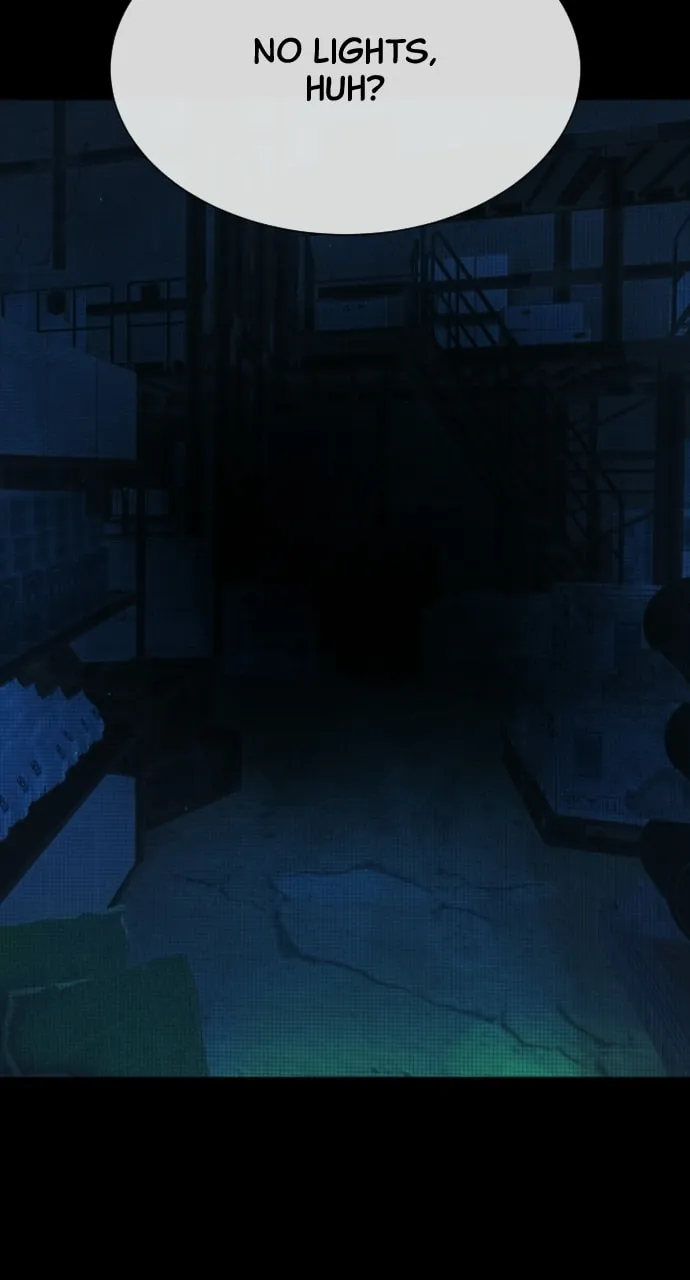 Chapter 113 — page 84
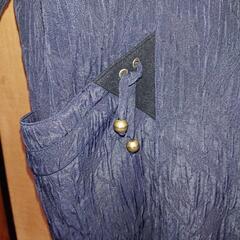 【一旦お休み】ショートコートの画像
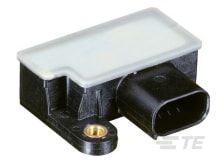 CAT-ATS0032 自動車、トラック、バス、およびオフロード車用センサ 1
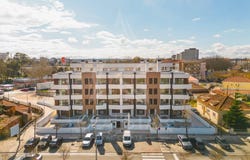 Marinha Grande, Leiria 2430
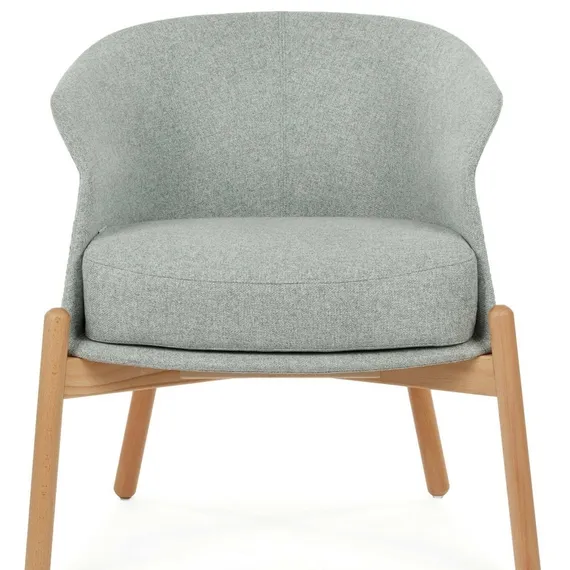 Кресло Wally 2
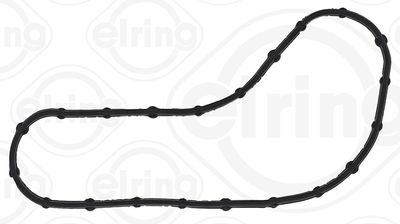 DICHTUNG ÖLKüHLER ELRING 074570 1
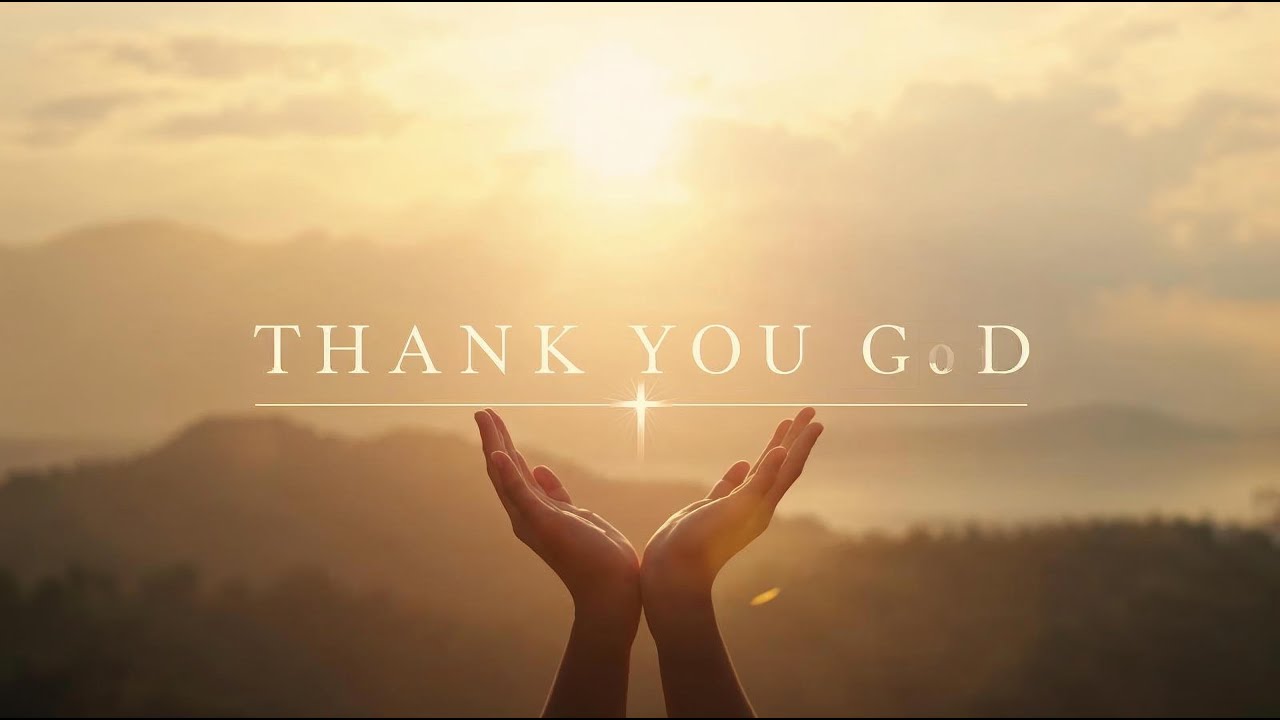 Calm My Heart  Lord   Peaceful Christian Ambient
|---|
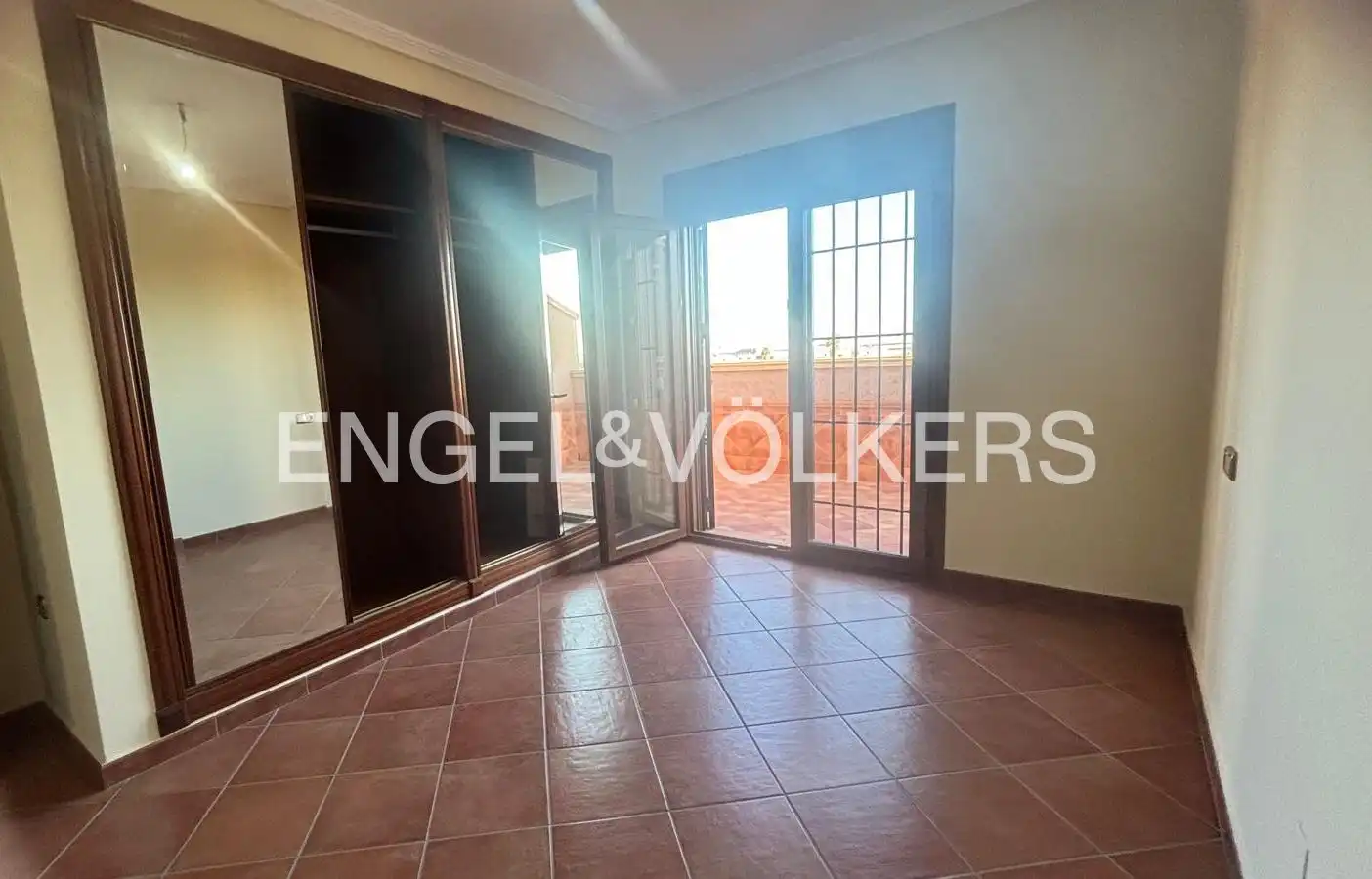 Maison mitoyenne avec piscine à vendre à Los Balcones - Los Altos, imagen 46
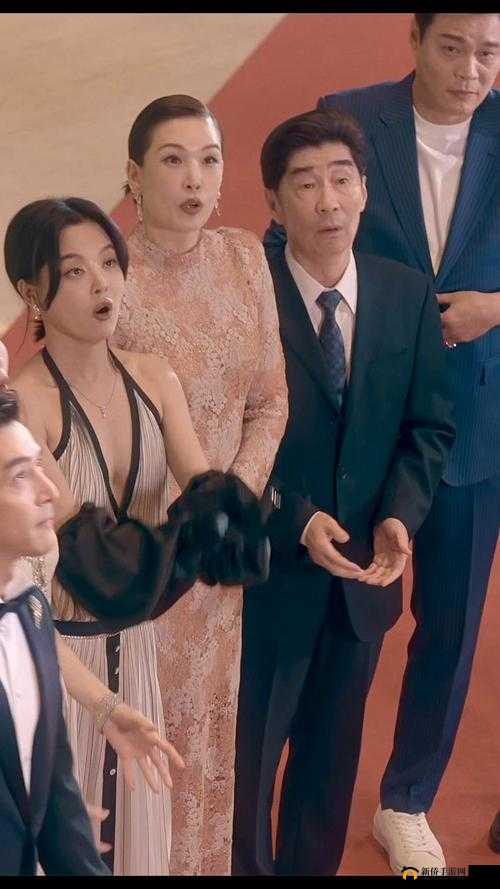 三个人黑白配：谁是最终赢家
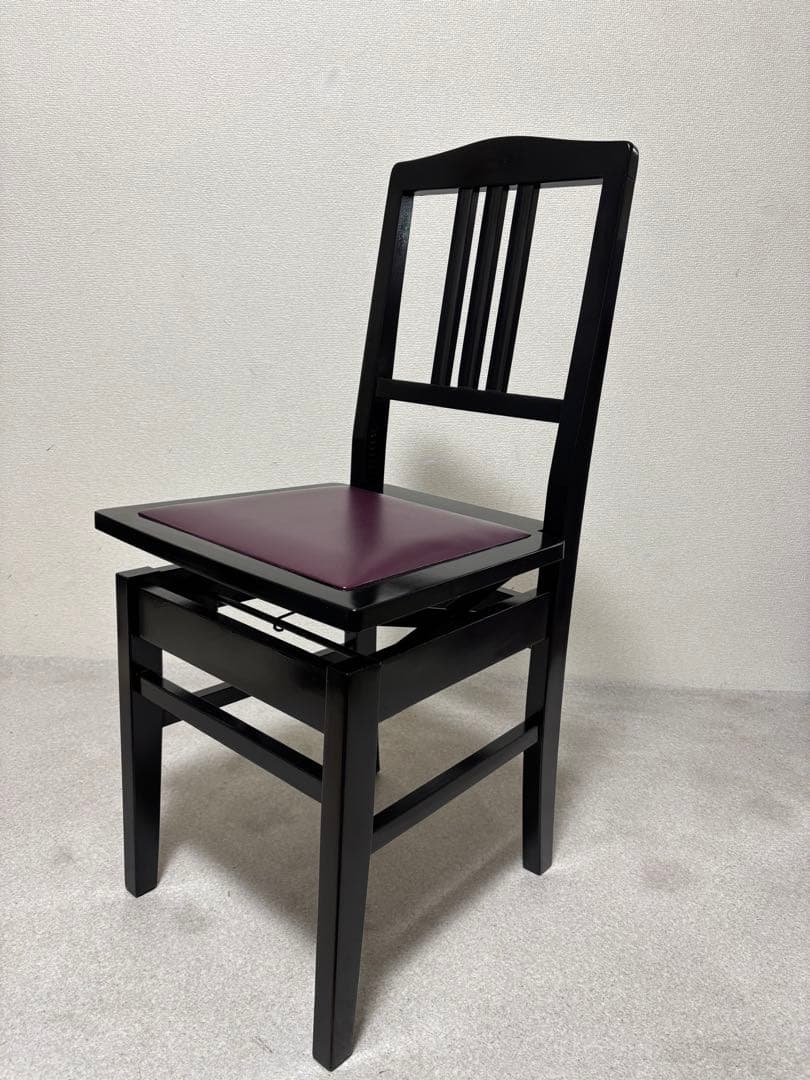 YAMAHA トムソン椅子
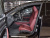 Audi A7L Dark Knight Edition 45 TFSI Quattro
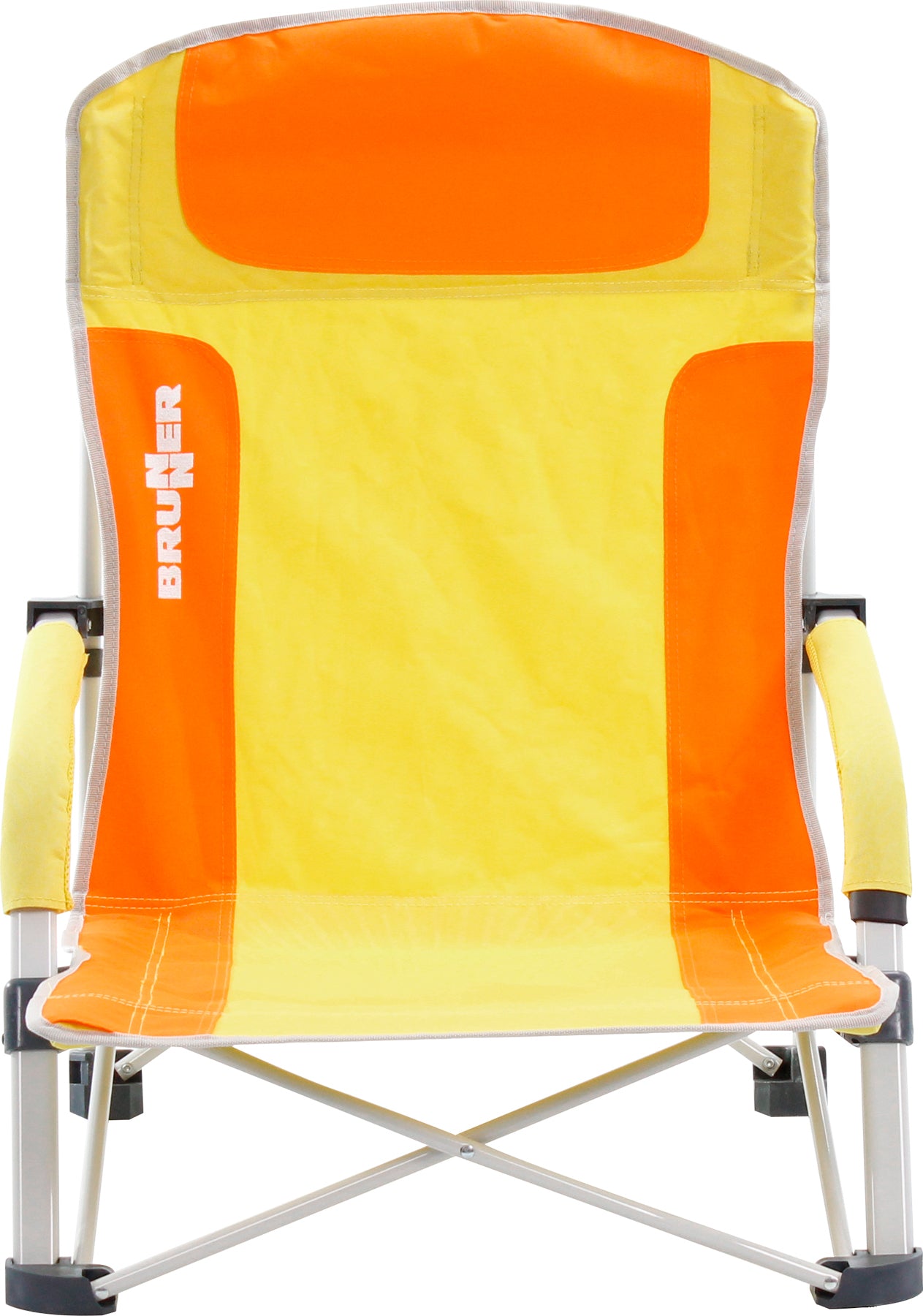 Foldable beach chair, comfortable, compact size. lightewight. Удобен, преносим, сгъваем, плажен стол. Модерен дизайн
|---|
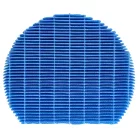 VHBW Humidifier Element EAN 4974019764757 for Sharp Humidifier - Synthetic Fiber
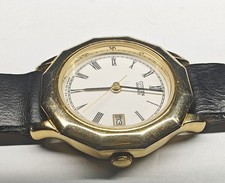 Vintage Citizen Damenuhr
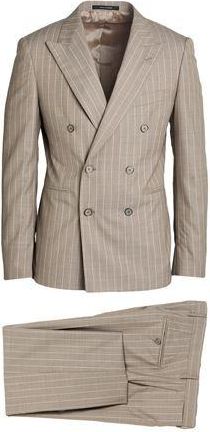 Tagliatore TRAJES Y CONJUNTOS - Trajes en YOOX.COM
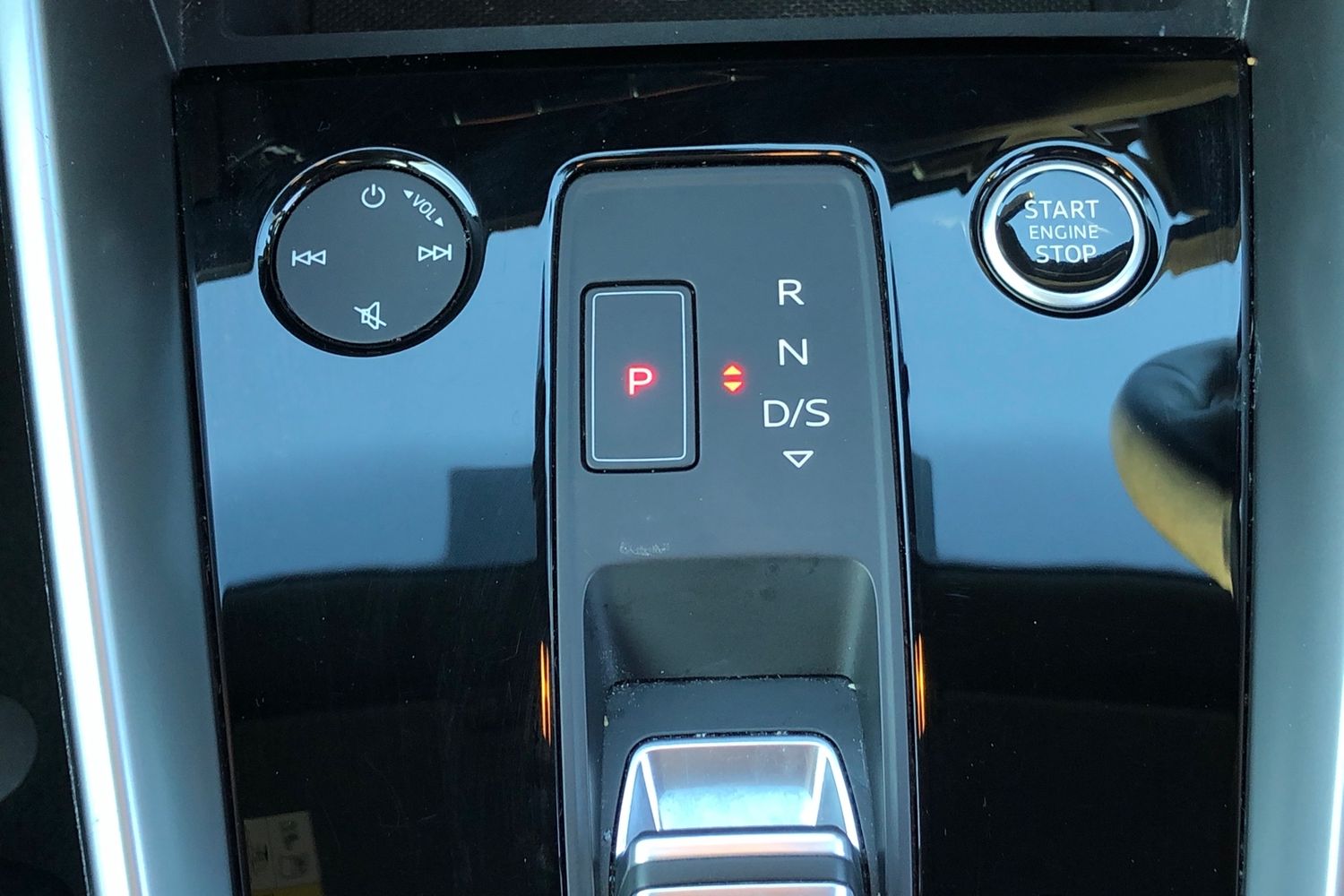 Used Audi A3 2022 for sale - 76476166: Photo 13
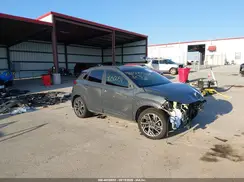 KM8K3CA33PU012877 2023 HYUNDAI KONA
|---|
Your task - Copy exactly, without pictures, the lines above from the one with "YAMAHA トムソン椅子" down to the one with "Foldable beach chair, comfortable, compact", inclusive.

Exercise solution -
 YAMAHA トムソン椅子
 Audi A7L Dark Knight Edition 45 TFSI Quattro
 Foldable beach chair, comfortable, compact size. lightewight. Удобен, преносим, сгъваем, плажен стол. Модерен дизайн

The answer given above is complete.